LU 258 members and family members attended the Day of Mourning ceremonies in New Westminster this year to honour workers killed or injured on the job or who have died as a result of occupational disease.
Labour activists, family members, local politicians and observers gathered across Canada at dozens of venues in late April to honour workers who have been killed or injured on the job or who have died as a result of occupational disease.
In British Columbia, services took place at various locations over a number of days as the annual Day of Mourning fell on a Saturday this year. Most labour-organized events took place on Saturday, April 28, including a solemn service at the New Westminster Quay that featured guest speakers, a lone piper and the New Westminster Fire and Rescue Services Honour Guard.
Organized by the New Westminster & District Labour Council, the Vancouver & District Labour Council and the BC Federation of Labour, guest speaker Ken Georgetti, president of the Canadian Labour Congress, noted this year is the 20th anniversary of the Westray mining disaster in Nova Scotia that killed 26 workers when an underground methane explosion took place. Since then, the labour movement has worked very hard to push parliament to pass federal legislation, the Westray bill, that holds employers criminally liable for failing to take steps to protect the lives of their employees. If used as intended, significant inroads could be made at protecting workers health and safety and lives could be saved.
The lasting fallout
Two of the guest speakers at the New Westminster Day of Mourning event recalled their own personal suffering as a family member left behind when a worker dies on the job.
As a young teenager, Mike Davis recalled the day in 1981 when his father Don didn’t come home from work because he, along with three of his workmates, were killed in a workplace accident that saw a platform suspended on the side of a tower being constructed in downtown Vancouver crash to the ground, sending the four carpenters working on the platform plunging 36 floors to their deaths. With anger in his voice, Mr. Davis condemned authorities whose responsibility lies in ensuring workplace safety — the Workers Compensation Board, now known as WorkSafeBC — and still describes that day as the worst day of his life.
The “Bentall Tragedy” is still recalled and commemorated on an annual basis at ceremonies conducted by the BC Building Trades Council in downtown Vancouver.
Hospital Employees Union member and First Nations activist Trudy Spiller eloquently recalled her own personal suffering and described the lasting effects on her and her two children of the workplace death of her husband two decades ago.
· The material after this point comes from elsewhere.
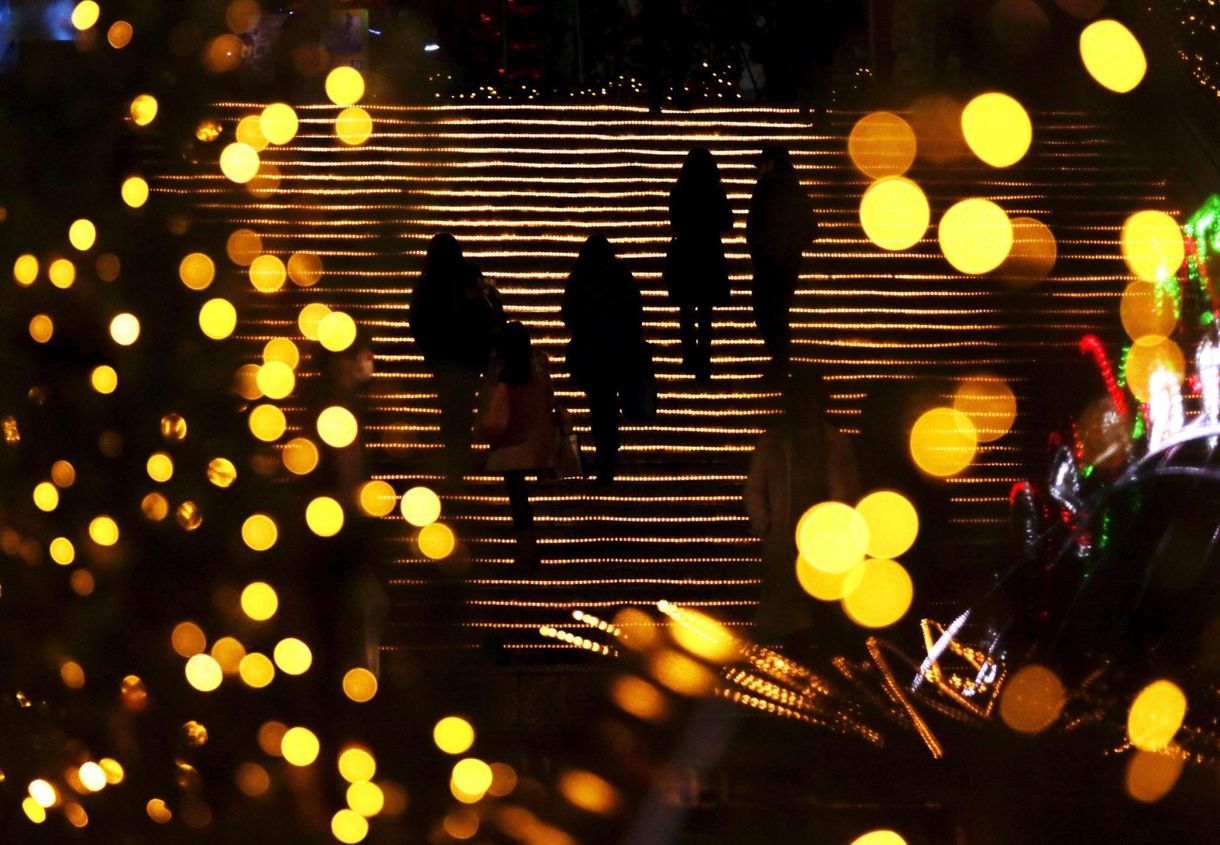 December 24-e munkaszüneti nappá tételét akarja az MSZP és a Párbeszéd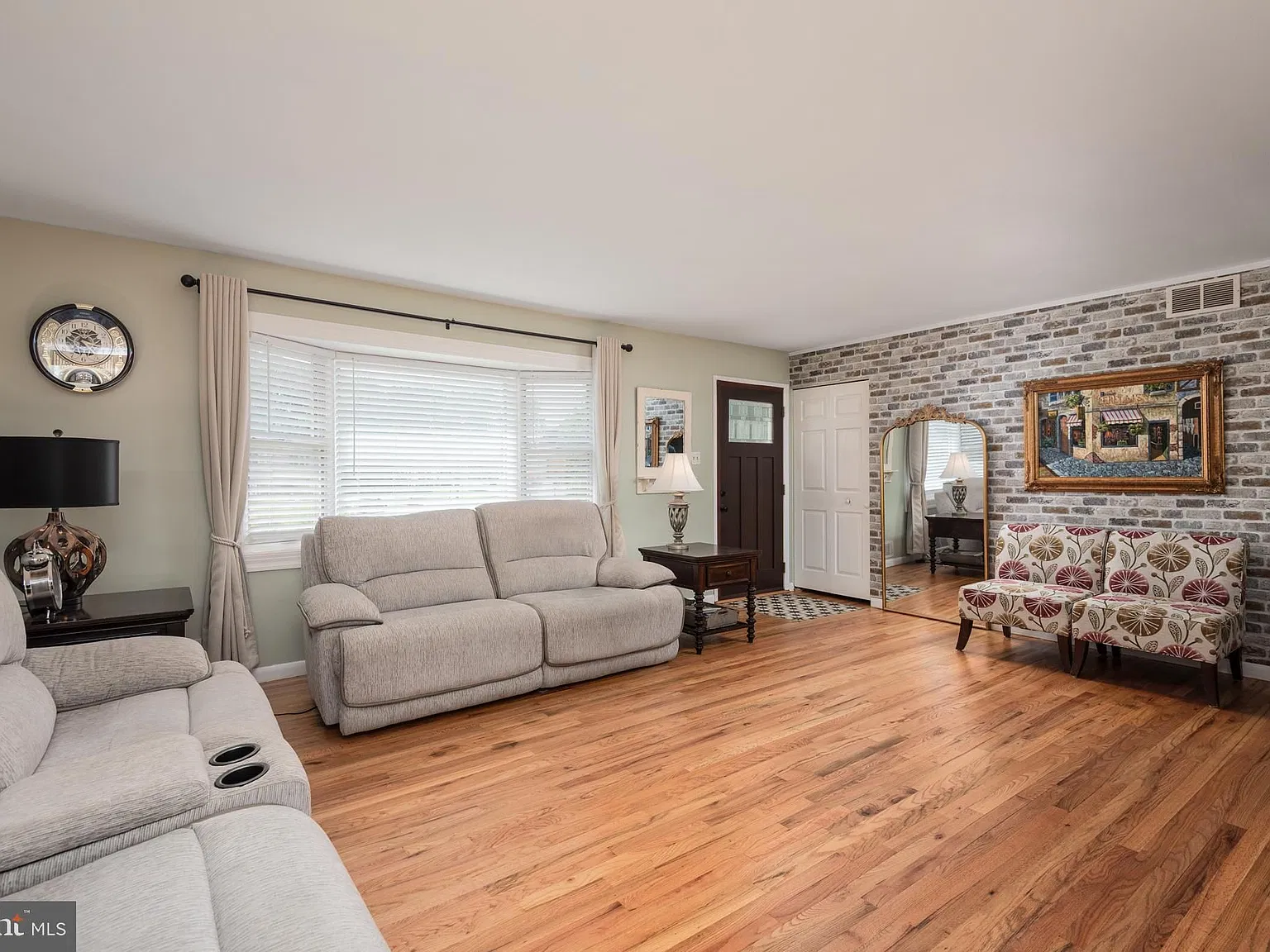 3 bed, 2.0 bath, 1674 sqft, $3,000 — Photo 2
This tragedy was recently compounded when she received the news in January her brother, Art Loring, was working with his son logging in the forests outside Terrace when he was struck by a falling tree. His son rushed to his aid, but Art died while waiting for help to arrive.
Trudy described not only her own personal loss, but the whole community’s loss, as her brother was a well known and immensely respected First Nations activist from the Terrace area, a member of the Gitxsan tribe.
Renee Saklikar, a local poet and writer, recited a very moving poem about the three Abbotsford farm workers who were killed when the overloaded labour contractor van transporting them to work that day in 2007 careened out of control, resulting in their deaths and injuring the other 14 passengers.
After the speeches, mourners solemnly stood while the lone piper played. A procession then marched to the base of the cenotaph where they placed individual roses to honour those who gave their lives in the line of work.
According to statistics from WorkSafeBC, 142 “fatality claims” were “accepted” in 2011. The actual numbers indicate 186 workers were killed on the job or died from occupational disease in British Columbia last year. Since 2001, when the BC Liberal government was elected, the Workers Compensation Board has undergone a name change, removing “Workers” from its branding, regulation has been gutted and there are fewer safety inspectors. Most recently, Grant’s Law has been watered down and Minister Kevin Falcon has been honoured with the “Golden Scissors” Award by the Canadian Federation of Independent Business for cutting “regulatory costs” to business, including WCB premiums. Teachers are facing million dollar day fines for going on strike while employers were fined $320,000 for the deaths of mushroom factory two workers, with three other workers left permanently disabled in a vegetative state. Business has been permitted to “self-regulate” and injuries, deaths and illnesses continue to escalate for BC workers.